En mars 2008, la banque d’investissement Bear Stearns avait été renflouée et avec le recul, ses difficultés sont vues comme ayant été le signal précurseur de la crise financière qui éclata six mois plus tard. Début 2008, les taux directeurs de la Fed étaient à 4,5% et à la fin de cette même année, la Fed se lançait dans son grand programme "argent presque gratuit pour presque toujours".

▪ Après 4 000 milliards de dollars de crédit gratuit, d’où venons-nous, que sommes-nous, où allons-nous ?
A ces questions, nos banquiers centraux et leurs laquais économistes nous répondent : nous venions du chaos d’une grande crise financière et nous allons vers la prospérité. Soignant audacieusement le mal par le mal, grâce à un savant dosage de crédit gratuit, nous avons surmonté une crise du crédit sans précédent dans son ampleur.

A presqu’une semaine de Noël, comment ne pas se souvenir du paradoxe de la dinde, exposé par le philosophe et financier (si, si, c’est possible) Nassim Taleb ?
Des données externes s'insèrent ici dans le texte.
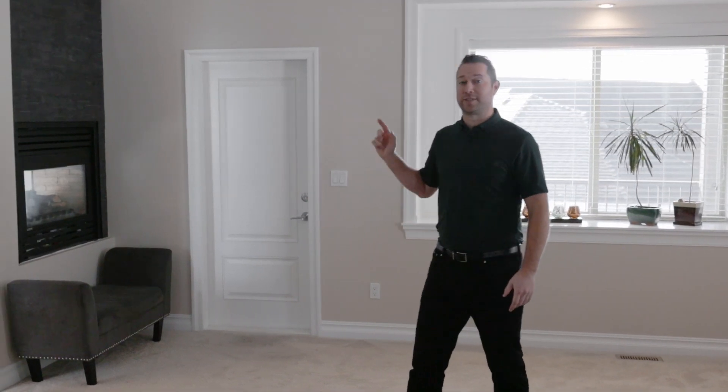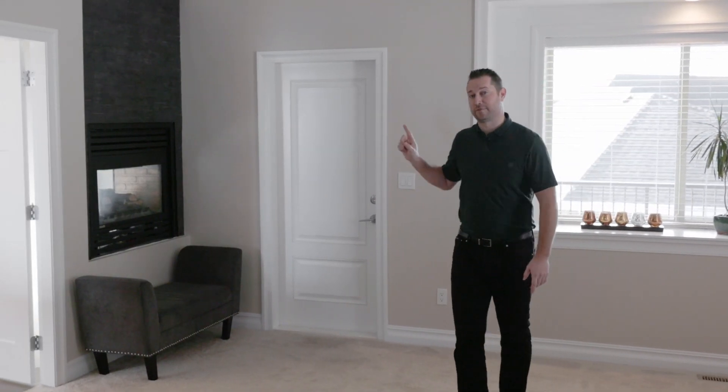There are not many primary bedrooms with vaulted ceilings, this much square footage, two walk-in closets, and a great ensuite with double vanity and a double-sided fireplace — and wait till you see this view off the master deck.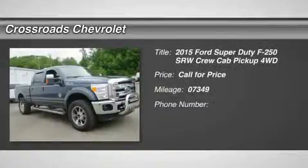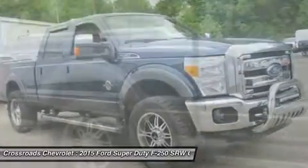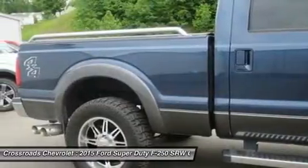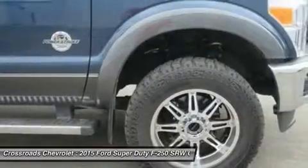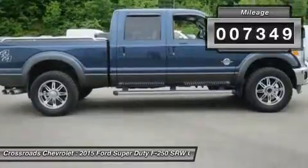You'll love this 2015 Ford Super Duty F-250 SRW. This is a car you'll want to take home. With 7,349 miles, it features automatic transmission and an exterior color of blue. Call us and be the first to open the car door today.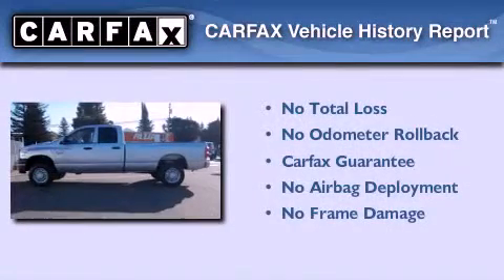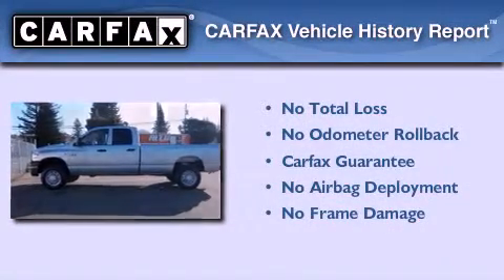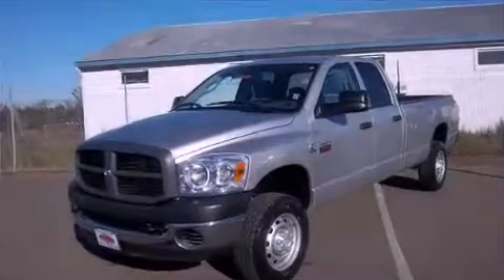Not to mention that this Dodge qualifies for the Carfax Buy-Back Guarantee. Contact us today to arrange your test drive.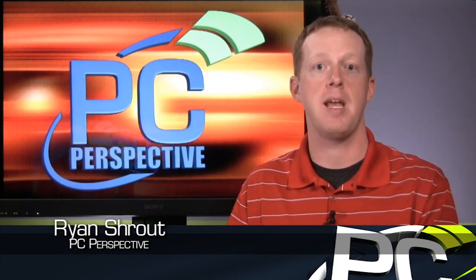Hi everybody, welcome to PC Perspective. Today we're going to talk about two new graphics cards, one from AMD and one from NVIDIA, that may have been a little bit of a surprise with their release over the last 7 to 10 days or so.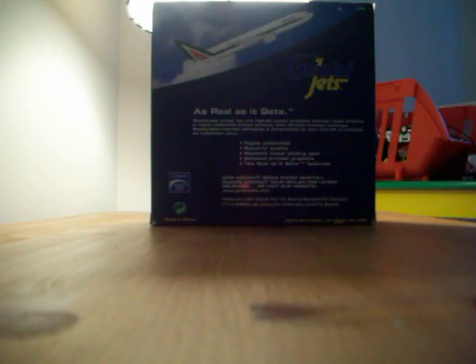It is an Italian airline, and here's the plane, and here is the information of the plane. We have the regular back of the box with the animation of the plane taking off. Okay, and let's start.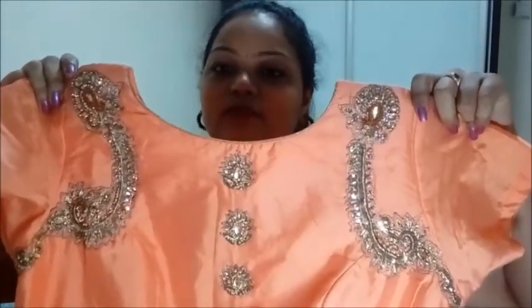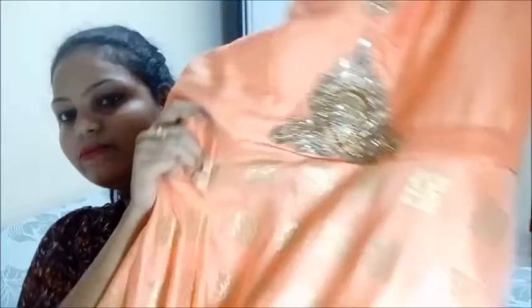No birthday is complete without a birthday dress! I wanted a Western dress but I ended up getting an Indian dress from Tekka Market. If you live in Singapore, you know it's in Little India — you get good dresses there. This is a beautiful orange shade with embroidery and it goes floor length. It's kind of Banarasi style.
Vous l’avez compris, notre dinde du jour représente l’industrie financière engraissée au crédit gratuit par nos grands banquiers centraux.

Jusqu’à présent, il y avait inflation (car augmentation du crédit disponible et donc augmentation des prix) dans la sphère financière. Les prix des actifs financiers montaient, la dinde engraissait, les statisticiens et les économistes en concluaient que tout allait bien.
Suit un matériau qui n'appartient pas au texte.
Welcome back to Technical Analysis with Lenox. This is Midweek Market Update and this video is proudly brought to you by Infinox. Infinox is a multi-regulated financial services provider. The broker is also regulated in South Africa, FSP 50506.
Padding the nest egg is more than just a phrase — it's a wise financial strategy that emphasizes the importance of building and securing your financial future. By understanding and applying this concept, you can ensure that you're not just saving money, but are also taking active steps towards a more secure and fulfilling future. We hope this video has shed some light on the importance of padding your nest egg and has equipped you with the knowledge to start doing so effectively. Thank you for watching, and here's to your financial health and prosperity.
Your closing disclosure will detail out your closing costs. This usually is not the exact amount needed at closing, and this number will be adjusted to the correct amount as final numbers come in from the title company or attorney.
Dans l’économie réelle, en dehors de la cage dorée de notre dinde, en revanche, il y a depuis un certain temps déflation (baisse des prix car baisse du crédit disponible).

Au dehors de la cage, quelques volatiles, renards et lapins qui n’ont pas accès au crédit gratuit n’ont plus que la peau sur les os. Les moins malheureux, proches de la cage dorée, survivent aux crochets de notre dinde. Ce sont les emprunteurs mal notés à qui notre dinde lâche de temps en temps quelques grains de pitance.

Mais voilà que les rations de crédit gratuit de notre dinde n’augmentent plus comme par le passé. Pire, Janet Yellen a décidé de les diminuer. Certes la dinde a fait du gras, elle devrait le supporter disent les vétérinaires de la Fed. Mais que vont devenir les faméliques sans avenir qui ne survivaient que grâce aux restes négligemment lâchés par notre dinde sur-nourrie ?

Dans l’allégorie de Taleb, la dinde est occise.

Les familiers du philosophe-financier savent en réalité qu’elle est victime d’un cygne noir, un événement incroyable, improbable, inenvisageable par un bipède normalement constitué*.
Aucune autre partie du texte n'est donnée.